Skip the pictures. Retype exactly, and only, the lines between the line holding "Hyundai Accent 2008 Brown" and the last line below, inclusive.

**SUPPLIED INFORMATION**.
-------

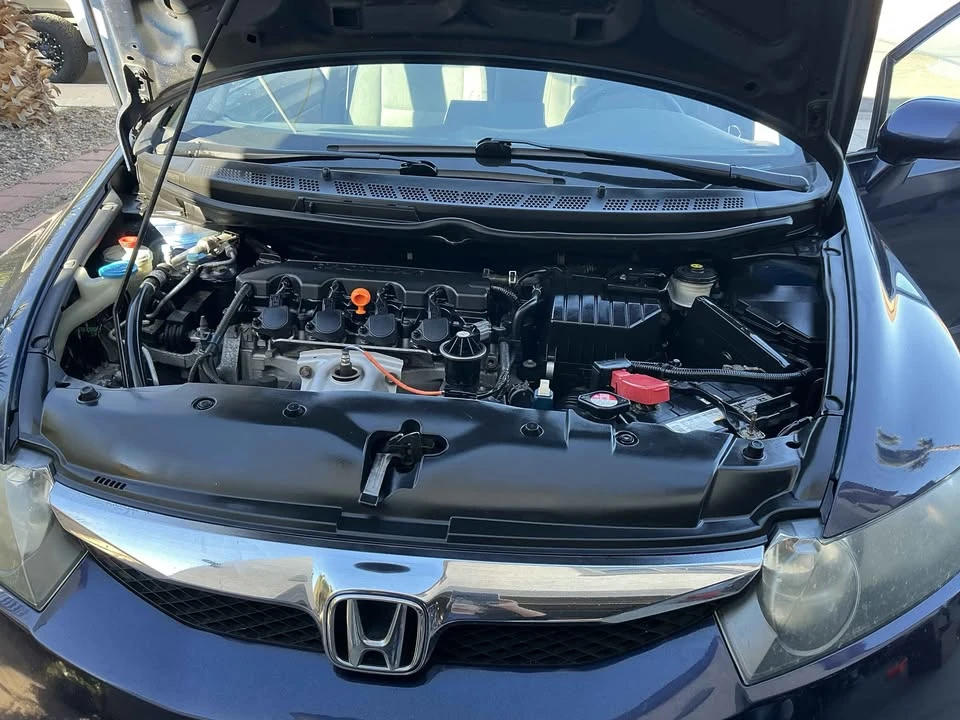 2010 Honda Civic 8th Gen - Image 6 of 15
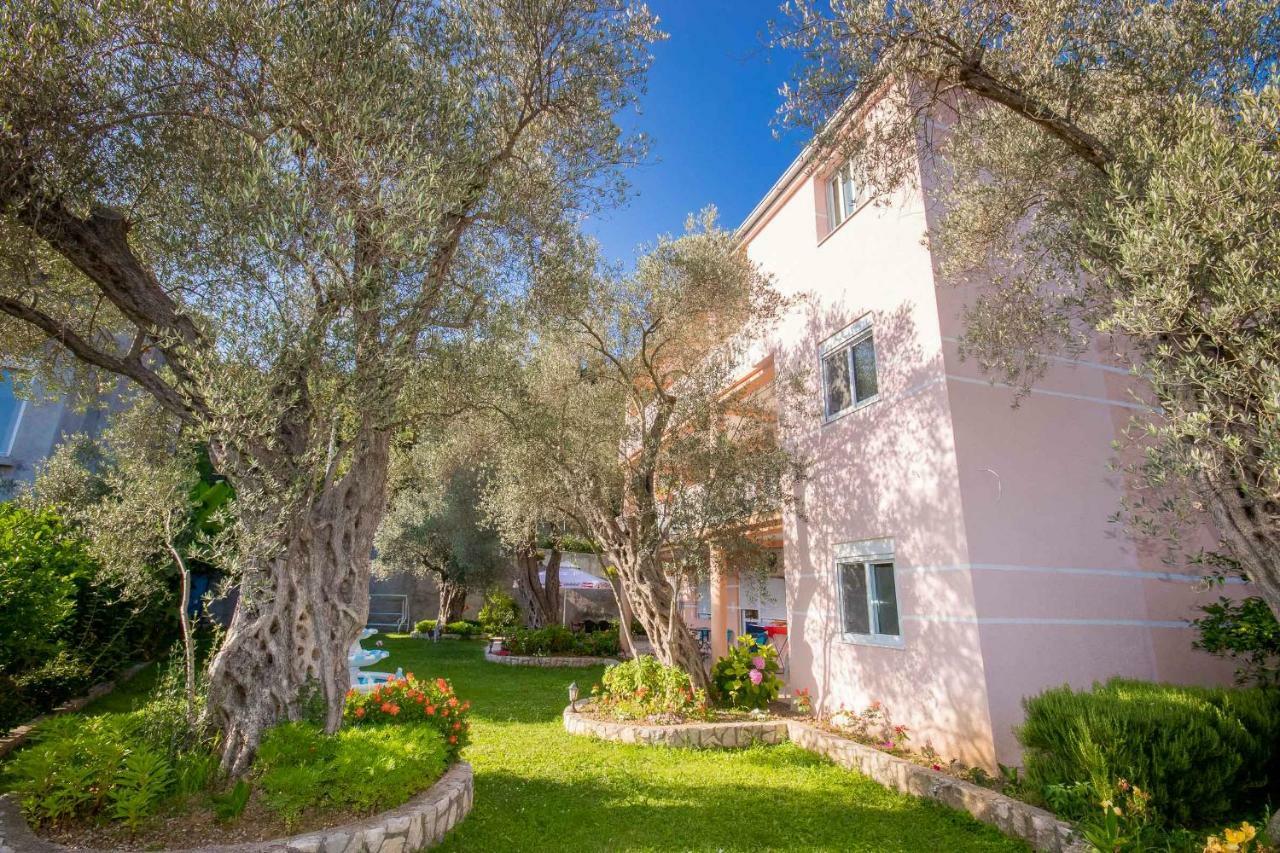 Apartments Duskic Utjeha Εξωτερικό φωτογραφία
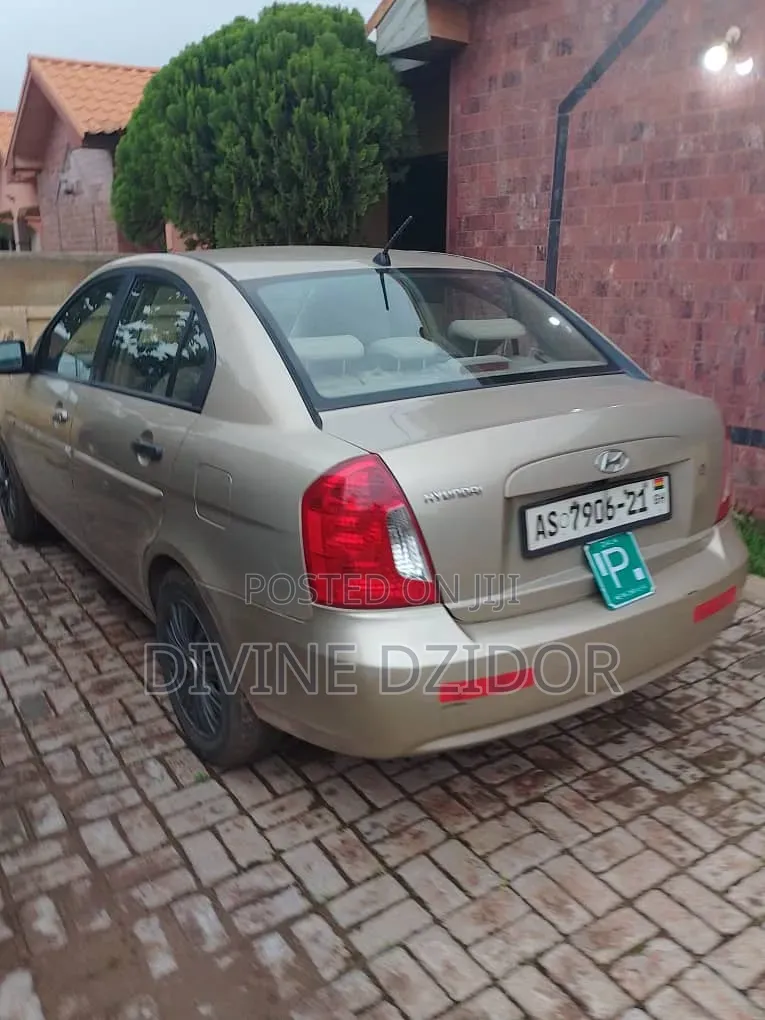 Hyundai Accent 2008 Brown
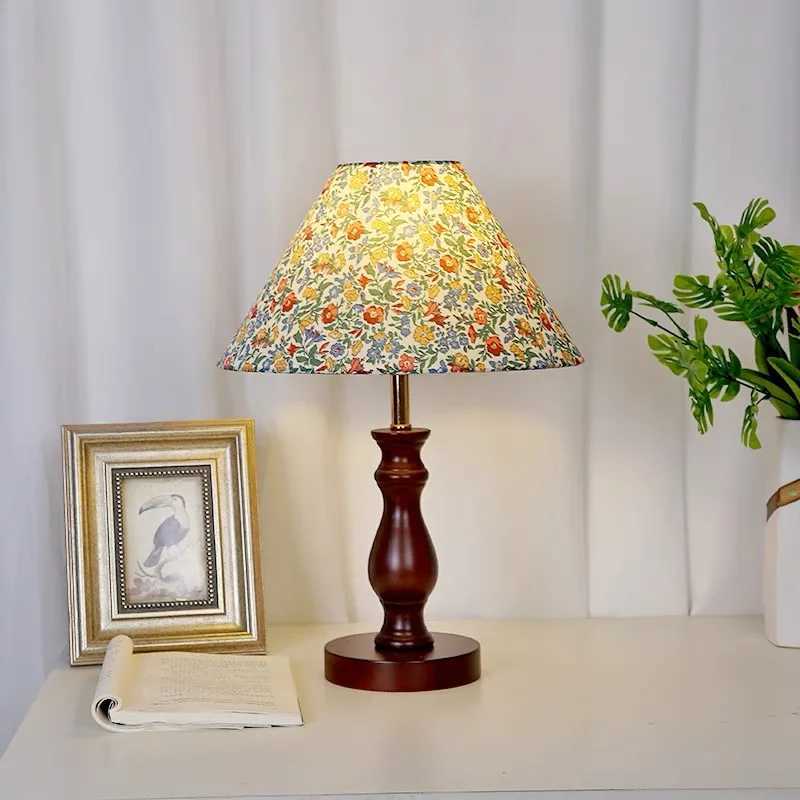 French WabiSabi Bedside Lamp MidCentury Solid Wood Lighting for Zen Study Luxe Hotel Decor C251115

-------

**ANSWER SPACE**.
 Hyundai Accent 2008 Brown
 French WabiSabi Bedside Lamp MidCentury Solid Wood Lighting for Zen Study Luxe Hotel Decor C251115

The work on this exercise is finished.